**WORK INSTRUCTIONS**
Word for word, retype the lines from the one containing "thumbnail image 4" to the one containing "Yaz ve tatil, karanlık" below, keeping both end lines and dropping the pictures.

**SOURCE DATA**
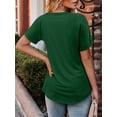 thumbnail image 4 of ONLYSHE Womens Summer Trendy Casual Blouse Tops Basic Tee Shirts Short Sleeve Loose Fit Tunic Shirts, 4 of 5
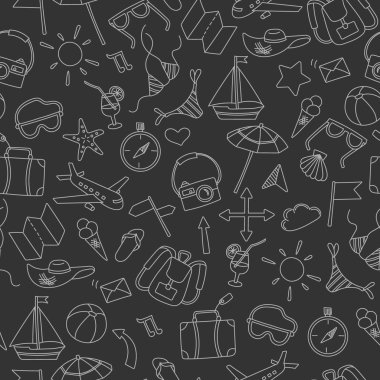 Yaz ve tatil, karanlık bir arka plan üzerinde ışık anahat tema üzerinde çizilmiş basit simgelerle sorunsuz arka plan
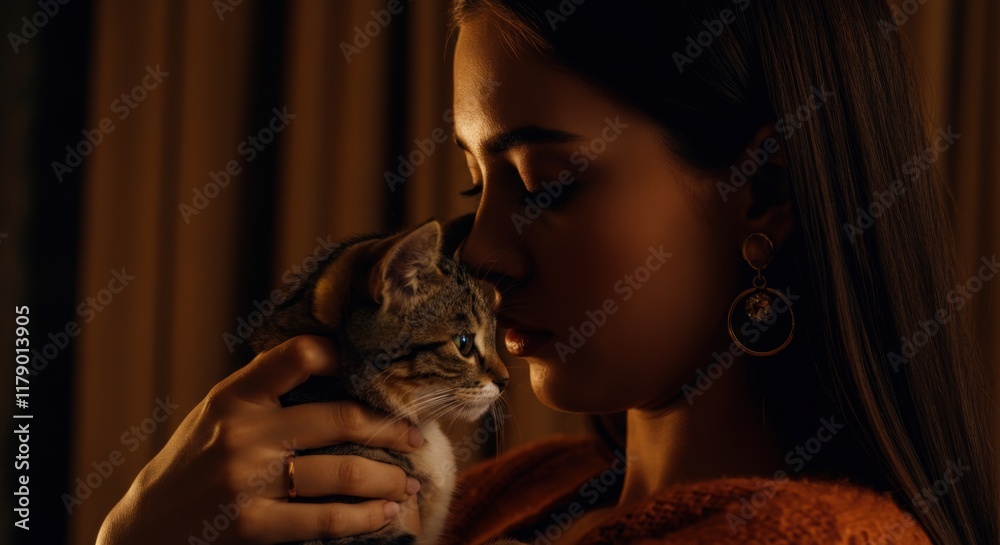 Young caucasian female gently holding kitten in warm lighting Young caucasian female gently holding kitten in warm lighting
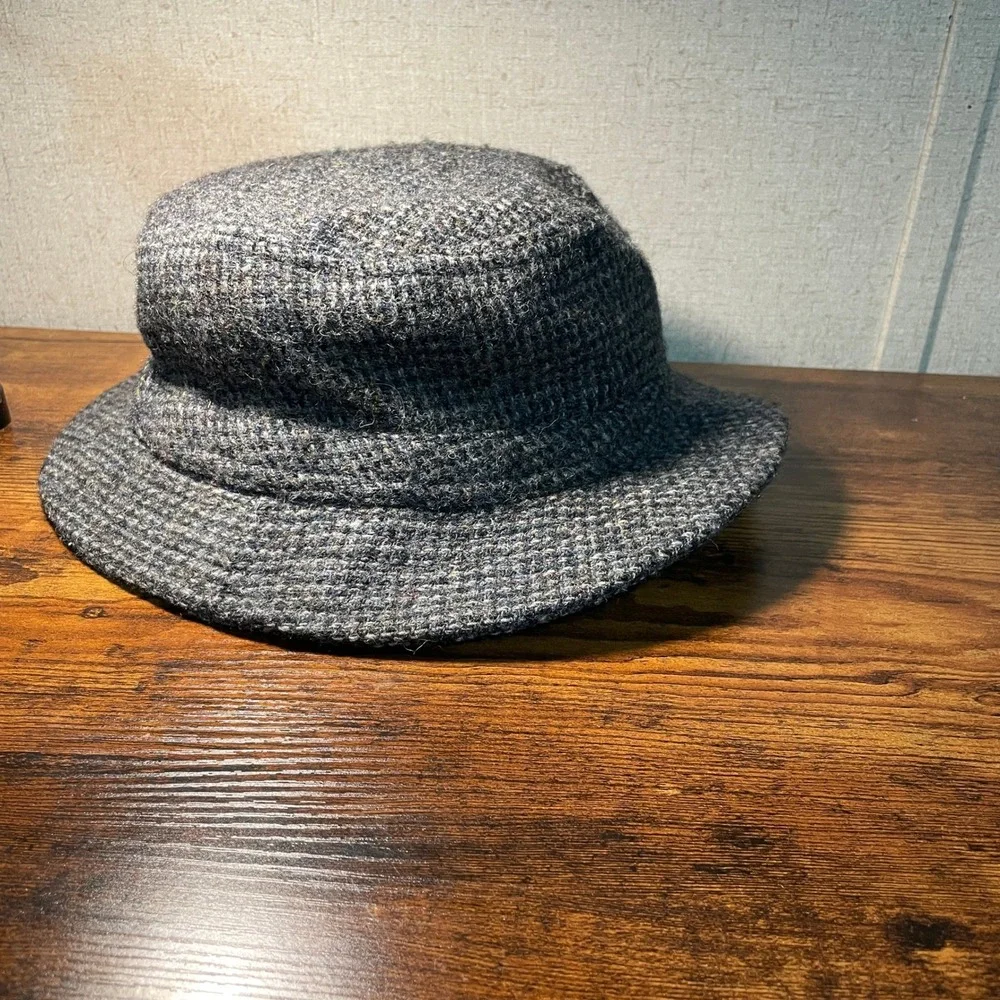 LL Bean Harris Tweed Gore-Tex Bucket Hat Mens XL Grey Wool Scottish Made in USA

...

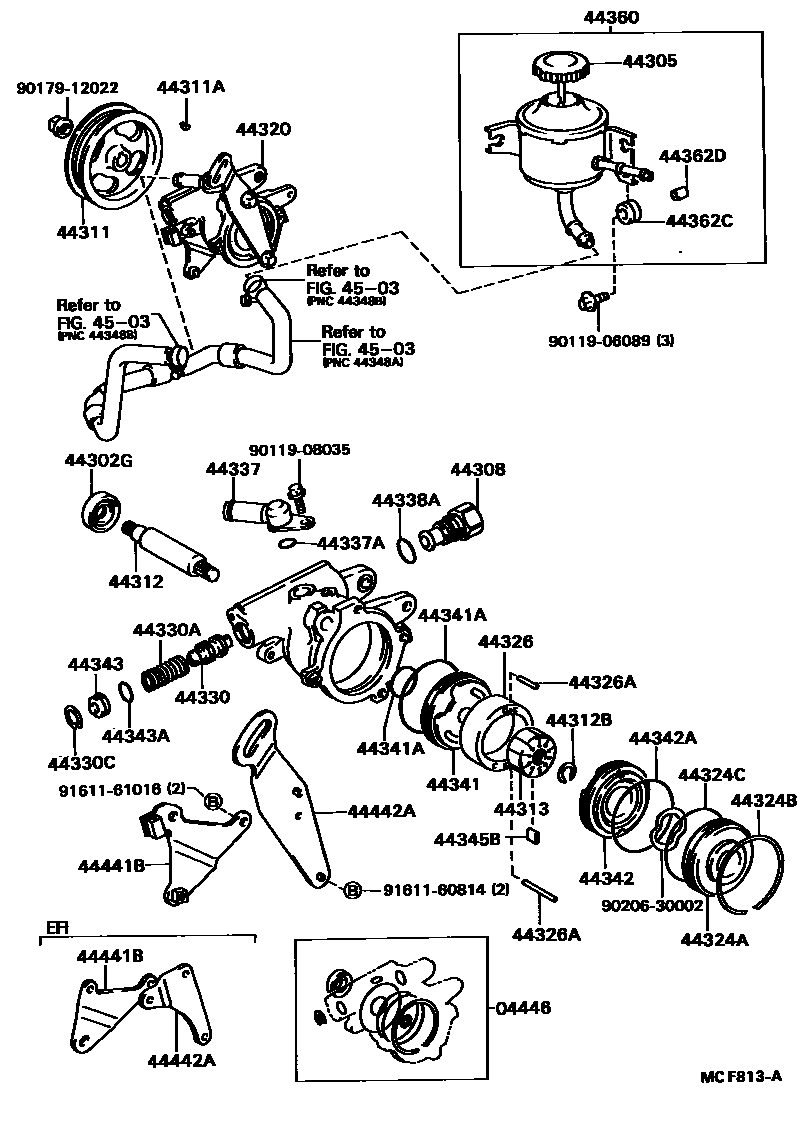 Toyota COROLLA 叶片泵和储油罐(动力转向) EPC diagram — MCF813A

--

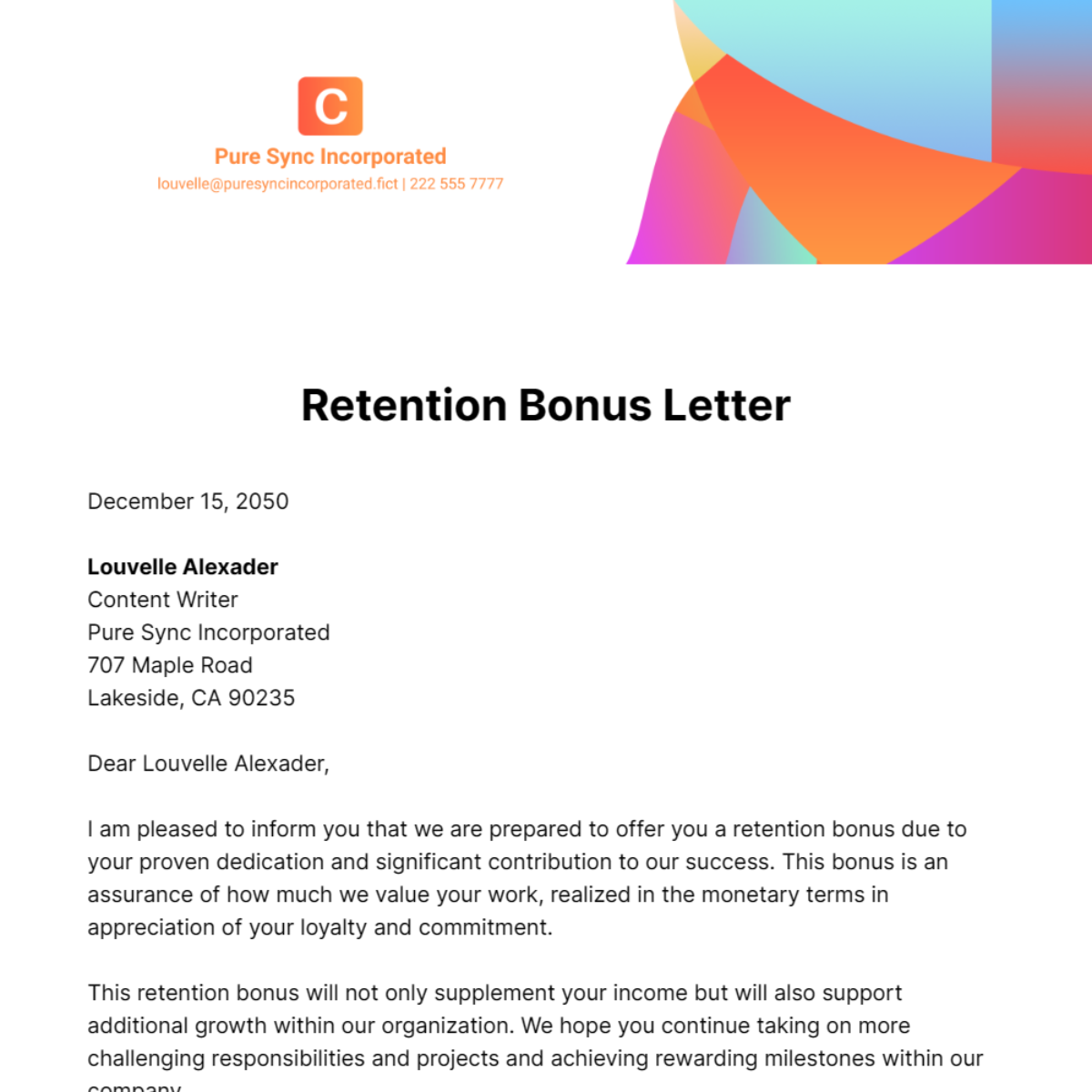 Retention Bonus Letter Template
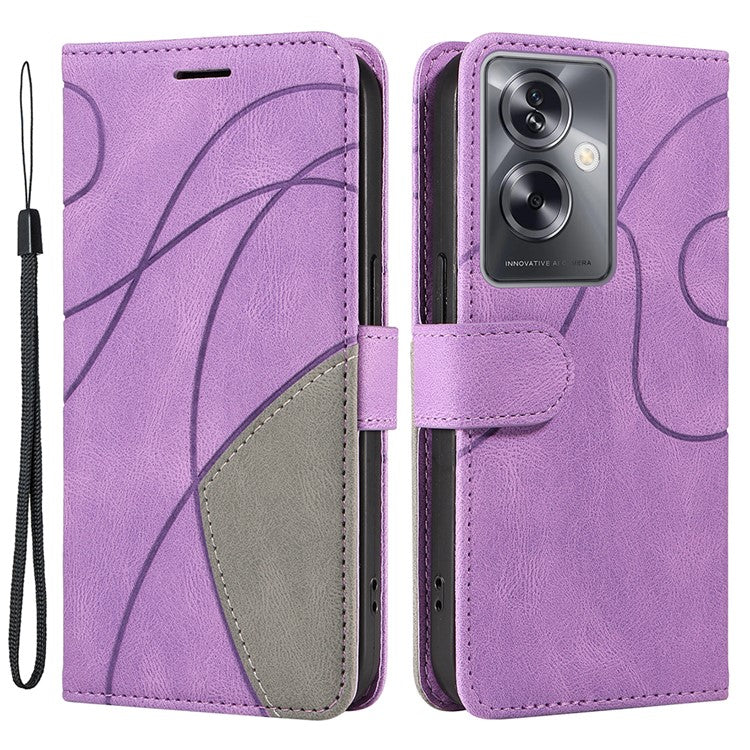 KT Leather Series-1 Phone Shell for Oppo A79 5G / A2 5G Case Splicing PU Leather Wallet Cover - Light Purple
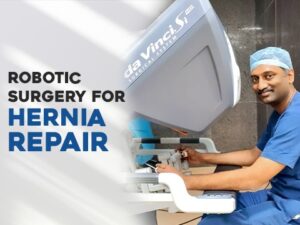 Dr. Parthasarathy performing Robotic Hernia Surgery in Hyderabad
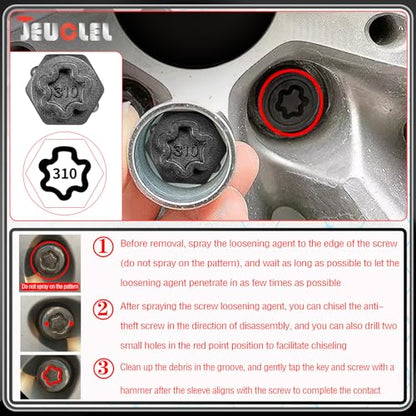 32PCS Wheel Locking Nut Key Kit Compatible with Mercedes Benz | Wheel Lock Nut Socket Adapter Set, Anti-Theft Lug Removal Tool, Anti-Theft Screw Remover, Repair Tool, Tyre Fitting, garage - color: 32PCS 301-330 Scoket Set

**THE ANSWER**
 thumbnail image 4 of ONLYSHE Womens Summer Trendy Casual Blouse Tops Basic Tee Shirts Short Sleeve Loose Fit Tunic Shirts, 4 of 5
 Yaz ve tatil, karanlık bir arka plan üzerinde ışık anahat tema üzerinde çizilmiş basit simgelerle sorunsuz arka plan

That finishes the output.